Wyoming Territory


The Territory of Wyoming was an organized incorporated territory of the United States that existed from July 25, 1868, until July 10, 1890, when it was admitted to the Union as the State of Wyoming. Cheyenne was the territorial capital. The boundaries of the Wyoming Territory were identical to the modern State of Wyoming.

Background

Because of Wyoming's location as part of the Louisiana Purchase, the Oregon Country, and the Mexican Cession, the land which became Wyoming has a complicated history of territorial relationships. Portions of the territory, which eventually fell under Wyoming's jurisdiction, were at various points associated with the territories of Washington, Oregon, Idaho, Dakota, Nebraska, and Utah, and had previously belonged to the independent states of Great Britain, France, Spain, Mexico, and Texas.
The portion of the Wyoming Territory east of the continental divide was acquired by the U.S. in the 1803 Louisiana Purchase and organized into the Nebraska Territory in 1854. On March 2, 1861, the northern portion of the Nebraska Territory, including the northeastern portion of future Wyoming Territory, became part of the Dakota Territory, while the southeastern portion remained with Nebraska, forming an extended Nebraska "panhandle". In 1863, the Idaho Territory was formed; it included the entirety of the modern states of Idaho and Montana and almost all of modern Wyoming save the southwest corner.
The portion of the Wyoming Territory west of the continental divide and north of the 42nd parallel was originally part of the Oregon Country, which was organized into the Oregon Territory in 1848; when Oregon entered the union as a state under its present boundaries in 1859, this land became part of the Washington Territory became briefly part of Dakota Territory once again, although a strip of land along the western border of what would become Wyoming remained part of the Idaho Territory.

History

On July 25, 1868, President Andrew Johnson signed the Wyoming Organic Act creating the Wyoming Territory using lands from the Dakota, Idaho, and Utah territories, and on April 17, 1869, the territorial government was organized.
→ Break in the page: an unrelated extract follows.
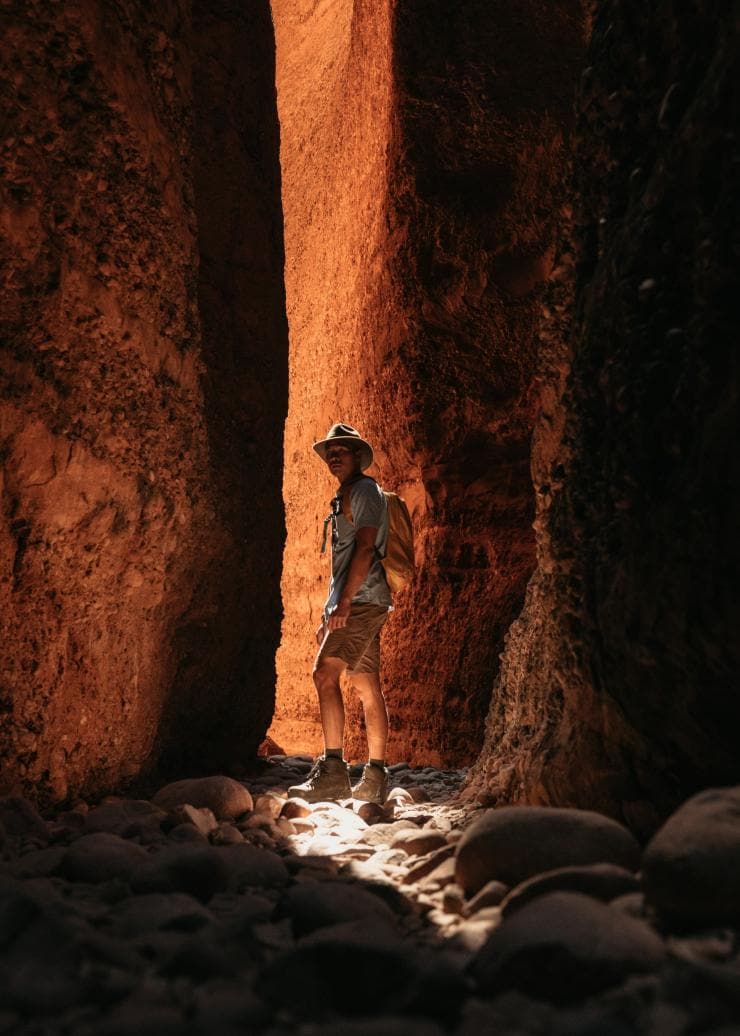 Une personne debout à l'ombre de deux façades rocheuses rouges, avec un faible rayon de soleil derrière elle, à Echidna Chasm, Purnululu National Park, Australie Occidentale © Tourism Western Australia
In 1869 the territory granted women's suffrage for all elections in an attempt to attract new settlers. A later attempt to repeal the law was defeated after the governor vetoed the repeal; the legislature failed to override the veto by one vote.
In 1872, Wyoming Territory had five counties: Albany, Carbon, Laramie, Sweetwater, and Uinta, each a tall narrow rectangle comprising approximately one-fifth of the territory.
On July 10, 1890, the territory was admitted as the forty-fourth state seven days after the Idaho territory was admitted by President Benjamin Harrison.